**Exercise data**
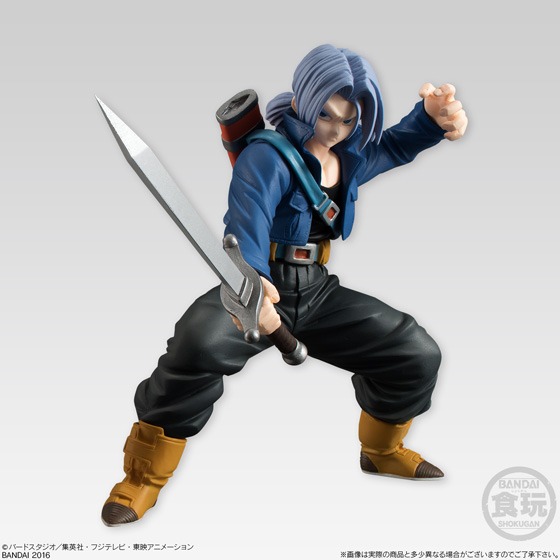「ドラゴンボールスタイリング トランクス」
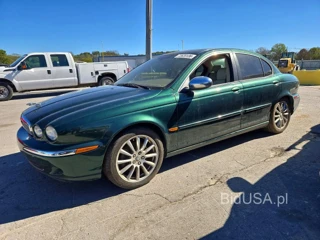 JAGUAR X-TYPE 3.0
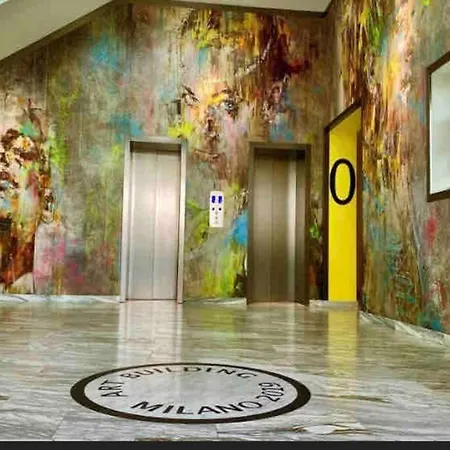 Bilocale - Smart Working Daire Milano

**Task prompt**
Please retype the listing above word for word, skipping each picture.

**Solution below**
「ドラゴンボールスタイリング トランクス」
 JAGUAR X-TYPE 3.0
 Bilocale - Smart Working Daire Milano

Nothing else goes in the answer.